Sunday, April 4, 2010

Easter Sunday


I get my faith from my mother and my grandmother. My grandmother took my sister and me to Church on Sundays and to Confession at regular intervals. The rules and protocol of the Church were very important to her, but you could sense her strong faith in the way she prayed with her eyes closed and her lips just barely moving as she bowed her head reverently. Later on, after my grandmother died, my mother influenced my beliefs.

My mother did not care very much for the rules and protocol of the Church. She believed in what she had been taught from the Baltimore catechism. She believed in the Communion of Saints, in the Trinity, and the blessedness of the Virgin Mary. She prayed often and for just about everyone. I would ask her to pray for people, and months later, she would ask about this or that person and tell me that she was still praying for him/her. Her faith was strong and she worried about the grey area between presumption and despair. I owe a lot of my adult faith to her.

When my mother lay dying in the hospital, all of the beliefs which had informed the person I was seemed trite and transparent. I had believed that suffering brought you closer to the grace of God, but watching my mother suffer, I questioned whether that was too dear a price to be paid. We are meant to believe that God loves us as His children, but in order to give us His grace, we have to suffer. I had the thought, "Who needs it?" As I watched my mother leave me behind, I really thought that she would be taking my faith with her. That hasn't been the case.

My faith has remained steadfast. I don't understand the connection between God's love and suffering and may never. But I believe that God, seeing my mother suffer the way she did, and seeing that, even through her suffering, she wanted to receive the Holy Eucharist and the forgiveness of Penance, was moved and His compassion gave her peace and solace and a place with Him in heaven. I believe that in the core of my being.
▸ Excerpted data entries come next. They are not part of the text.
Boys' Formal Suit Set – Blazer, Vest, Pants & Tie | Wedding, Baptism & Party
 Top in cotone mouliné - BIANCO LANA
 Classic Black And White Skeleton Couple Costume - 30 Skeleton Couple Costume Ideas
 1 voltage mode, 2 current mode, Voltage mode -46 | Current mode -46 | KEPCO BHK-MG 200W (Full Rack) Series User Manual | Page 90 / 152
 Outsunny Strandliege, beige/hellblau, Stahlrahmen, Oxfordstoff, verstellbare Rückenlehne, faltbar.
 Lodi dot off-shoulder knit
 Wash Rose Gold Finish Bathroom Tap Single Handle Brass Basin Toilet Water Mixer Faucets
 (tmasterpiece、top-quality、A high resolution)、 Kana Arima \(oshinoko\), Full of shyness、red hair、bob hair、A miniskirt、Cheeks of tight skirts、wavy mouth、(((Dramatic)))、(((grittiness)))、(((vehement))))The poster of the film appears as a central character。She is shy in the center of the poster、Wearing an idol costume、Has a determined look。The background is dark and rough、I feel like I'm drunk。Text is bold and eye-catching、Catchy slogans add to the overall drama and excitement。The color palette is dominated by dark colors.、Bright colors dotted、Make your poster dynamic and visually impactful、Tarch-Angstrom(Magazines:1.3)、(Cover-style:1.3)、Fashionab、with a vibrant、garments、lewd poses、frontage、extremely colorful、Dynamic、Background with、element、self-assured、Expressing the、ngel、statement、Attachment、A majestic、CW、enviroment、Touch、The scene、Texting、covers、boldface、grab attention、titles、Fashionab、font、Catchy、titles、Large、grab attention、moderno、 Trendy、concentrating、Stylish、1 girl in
I have suffered greatly these past three months. I miss my mother so desperately that it hurts in every part of my body. But I feel genuine comfort from the fact that my mother was a good person and a brilliant person and despite some pretty heavy burdens through her life, she continued to believe in God. I am comforted knowing that her reward is to look upon the face of God in the presence of the angels, saints and her beloved family.

It is Easter. We are taught that it is the most glorious of our religious holidays. It is the fulfillment of God's promise. We celebrate life on this day which falls in the Spring. We are meant to look forward to our Eternal life with God. Instead of crying, or feeling sorry for myself, or focusing on what I have lost, I am going to focus on what my mother has gained. She is restored. She has life.